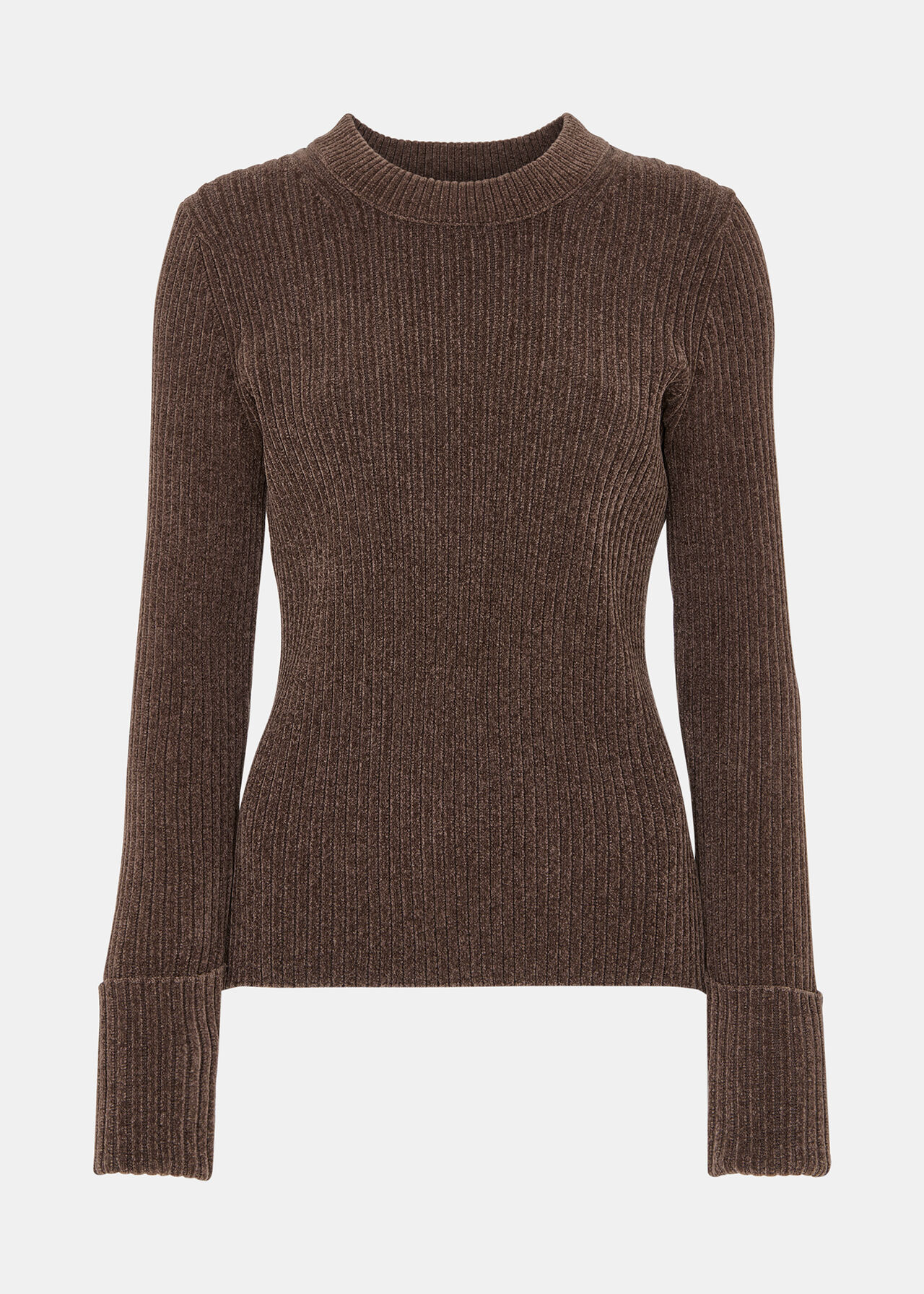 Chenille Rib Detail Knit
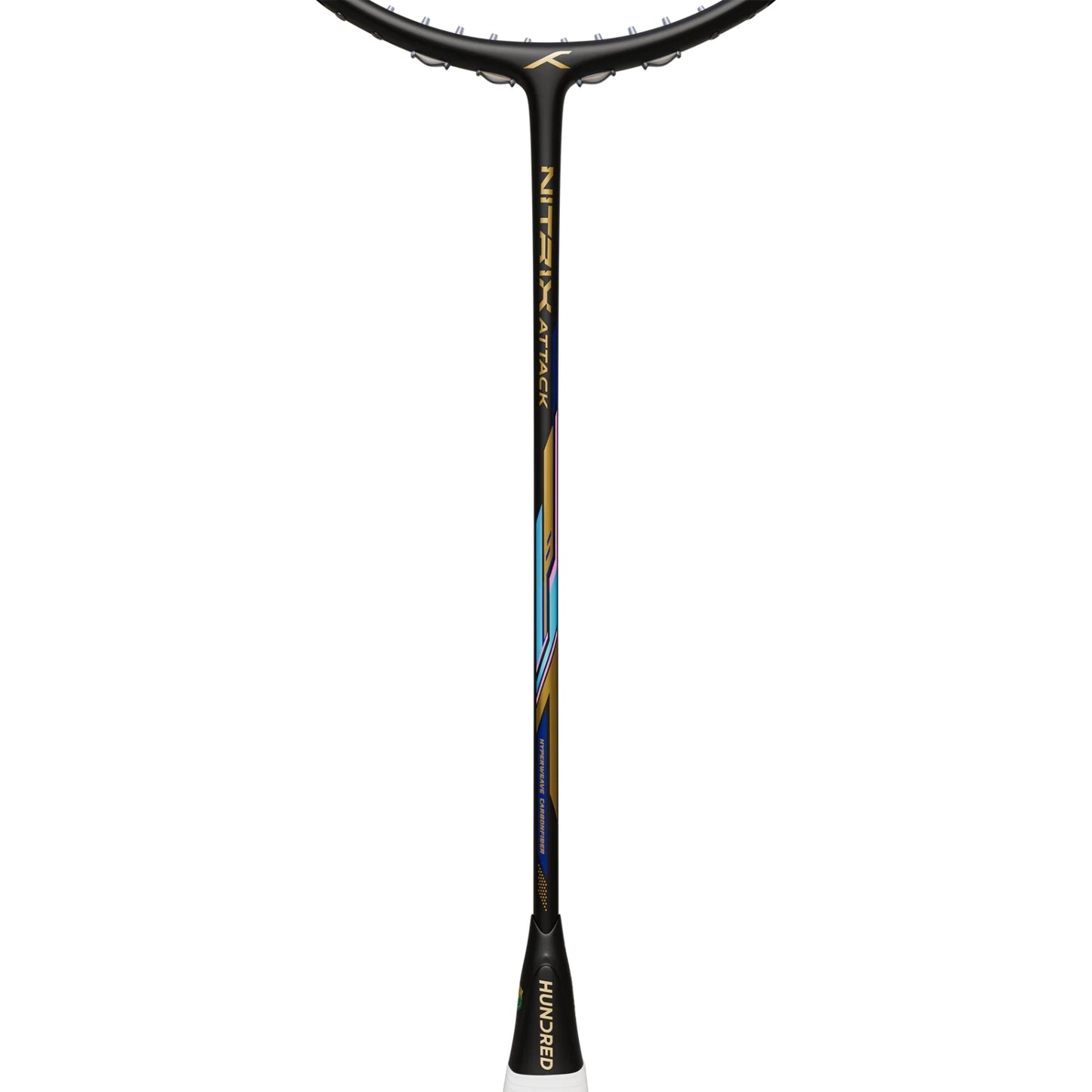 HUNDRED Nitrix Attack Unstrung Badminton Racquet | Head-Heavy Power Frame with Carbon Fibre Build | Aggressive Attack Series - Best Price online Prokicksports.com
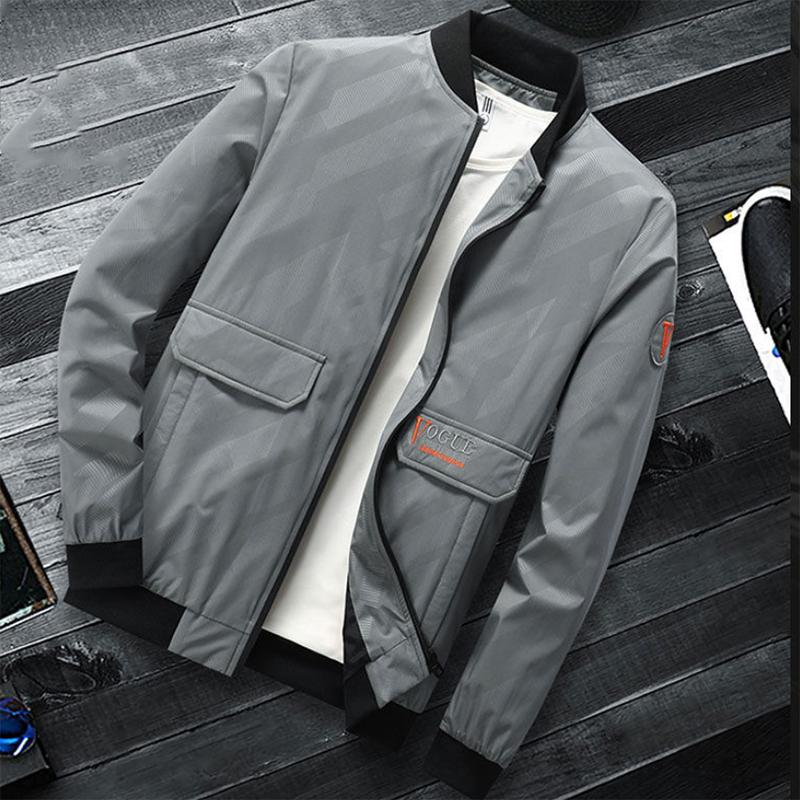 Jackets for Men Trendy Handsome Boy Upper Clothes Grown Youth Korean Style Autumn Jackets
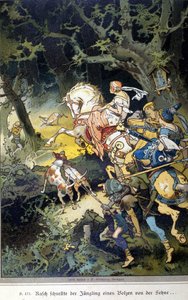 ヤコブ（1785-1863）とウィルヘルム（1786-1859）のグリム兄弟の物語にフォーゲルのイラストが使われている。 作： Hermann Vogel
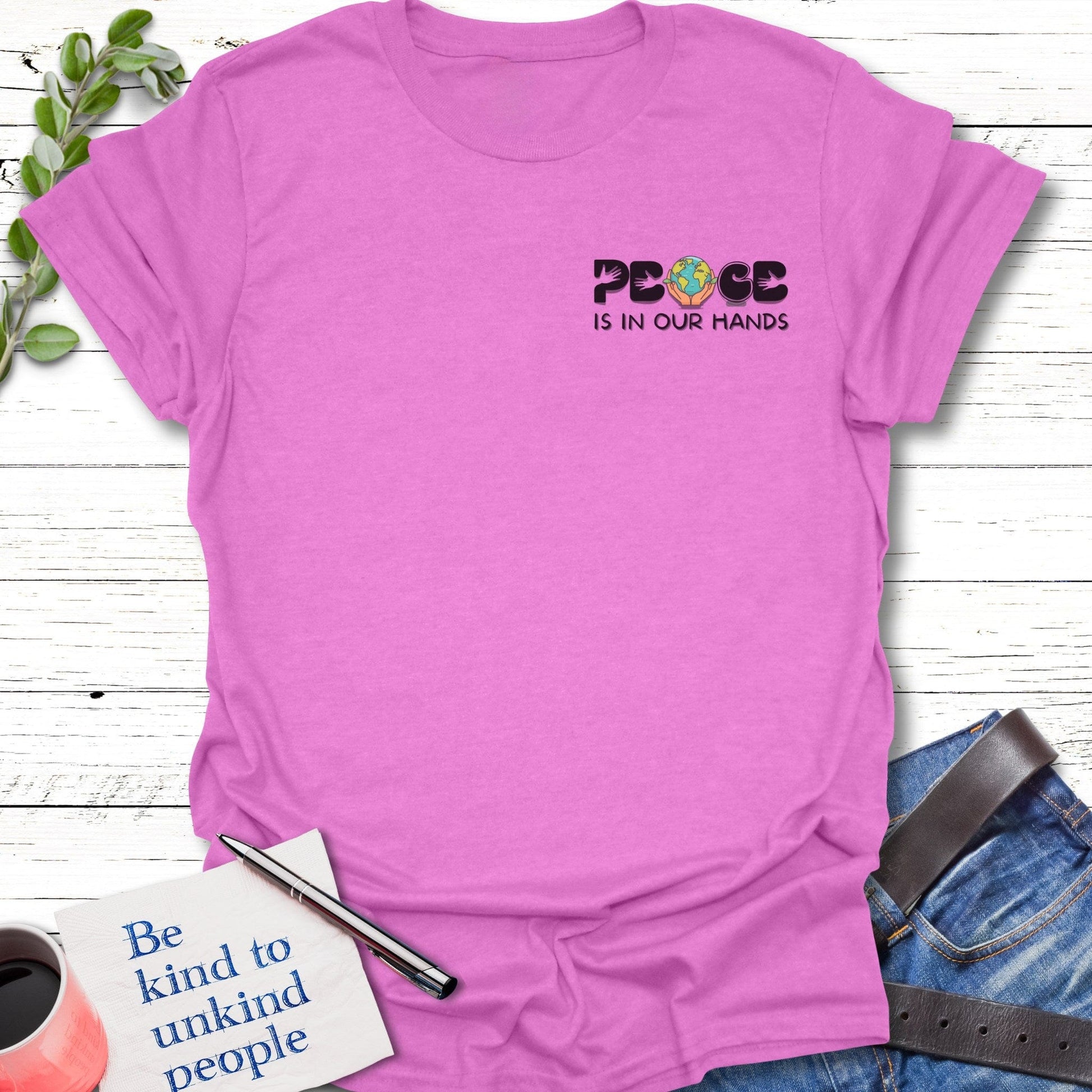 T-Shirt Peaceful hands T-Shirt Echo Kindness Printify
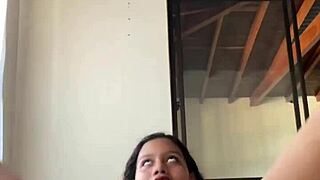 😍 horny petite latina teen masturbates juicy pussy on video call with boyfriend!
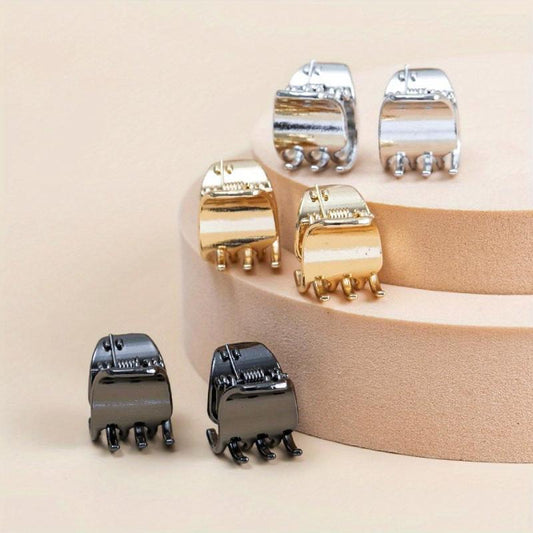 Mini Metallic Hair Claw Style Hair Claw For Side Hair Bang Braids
┄┄┄┄┄┄
Work instructions: Set down the material again exactly. Don't carry over any pictures.

Answer:
 Chenille Rib Detail Knit
 HUNDRED Nitrix Attack Unstrung Badminton Racquet | Head-Heavy Power Frame with Carbon Fibre Build | Aggressive Attack Series - Best Price online Prokicksports.com
 Jackets for Men Trendy Handsome Boy Upper Clothes Grown Youth Korean Style Autumn Jackets
 ヤコブ（1785-1863）とウィルヘルム（1786-1859）のグリム兄弟の物語にフォーゲルのイラストが使われている。 作： Hermann Vogel
 T-Shirt Peaceful hands T-Shirt Echo Kindness Printify
 😍 horny petite latina teen masturbates juicy pussy on video call with boyfriend!
 Mini Metallic Hair Claw Style Hair Claw For Side Hair Bang Braids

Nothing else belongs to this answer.